If you have no experience and really do want to bring this little guy up right, I would get a trainer to help you. Do it now before it is too late...
Good luck!
     
    08-08-2011, 05:14 PM
  #4
Weanling
Outnabout- I totally agree but I really can't get a trainer ($$$). I know you're probably thinking "WHY did she even get a colt in the first place if she has no experience". I would think that too. But the situation is different.... if you read his mom's profile (Goldie) you will see how it all happened and there was really no way to avoid getting him.... except not getting his mom which also wasn't an option because of how special this mare is too me (long story but I explain it all on Goldie's profile).
     
    08-08-2011, 05:38 PM
  #5
rob
Weanling
If you can't afford a trainer then I would suggest going somewhere to watch onecause you don't want to create more problems or get hurt
     
    08-08-2011, 05:44 PM
  #6
Yearling
OK, well I'm glad that the little one has someone who cares about him. I have John Lyons' book BRINGING UP BABY and find it very detailed and well-illustrated. If you can get a copy of that, it would help. I'm like you, don't have experience with raising/training little ones and have a 5 month old weanling. My BM is helping me with him.
     
    08-09-2011, 08:04 AM
  #7
Weanling
Rob- He's really little (he's only a 2 month old mini) and when he rears or fights he's doing it to get away from me and he backs way to the end of the leadrope. He's not trying to hurt me so I'm not so much worried about me getting hurt as I am him getting hurt. If I can find a trainer near by who is training a colt I will try to go watch- that's a great idea!
Outnabout- I got "Bringing up Baby" from the library and it is a great book! Between books and forums I am trying to do this right. My riding instructor would definitely try to help me if I called her with a question but I don't know how much foal experience she has either. Basically I just created this post and tried to explain the training session the best I could in case their was something I was doing terribly wrong!
     
    08-09-2011, 08:27 AM
  #8
rob
Weanling
Just remember,a horses first instinct is fear of flight,meaning it wants to get away.keep yourself kinda low,if youcan in a small area and let this baby come to you and learn to trust you.
     
    08-09-2011, 08:32 AM
  #9
Yearling
I don't see that you did anything wrong. You had a goal in mind and you reached it. Most importantly you used common sense to guide you.
     
    08-10-2011, 07:57 AM
  #10
Weanling
Quote:
Originally Posted by candandy49    
I don't see that you did anything wrong. You had a goal in mind and you reached it.
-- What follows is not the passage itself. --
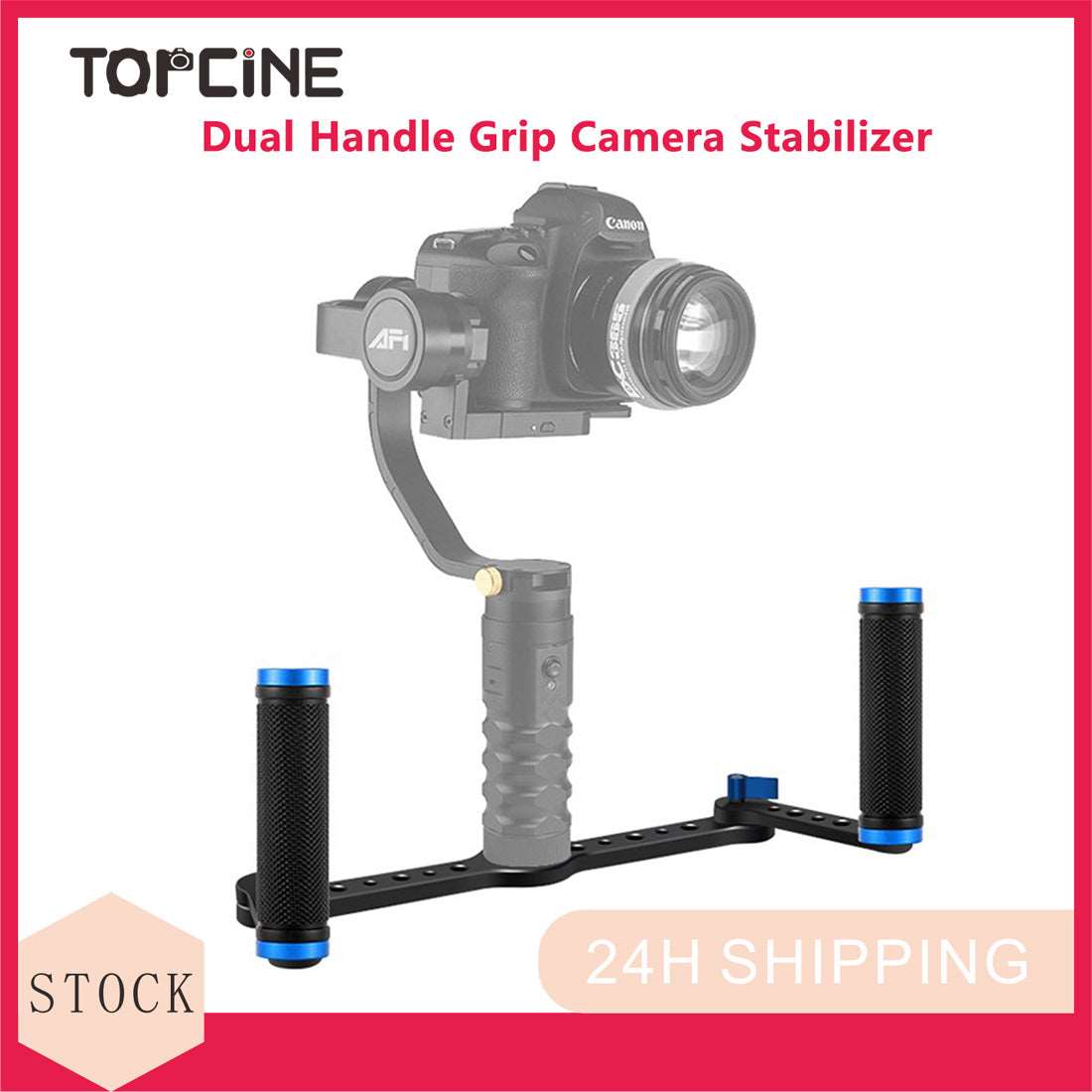 Topcine Dual Handle Grip Camera Stabilizer Three-Axis Gimbal Stabilizer for DSLR Camera load,Support Multi-Angle Conversion  TOPCINE   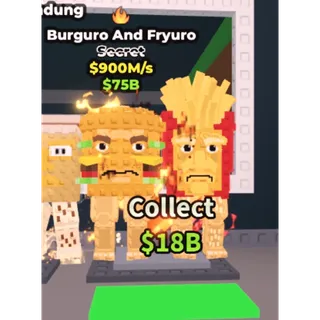 Steal a Brainrot 900m/s Burguro and Fryuro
Most importantly you used common sense to guide you.
That makes me feel so much better- thanks! Thank you, thank you I feel much better about how I did it and feel more ready to go work with that colt today! Yesterday, he knew what I was up too and I couldn't get him to come to me but now he and his dam are in a sectioned off place in the pasture so I can work with him more easily.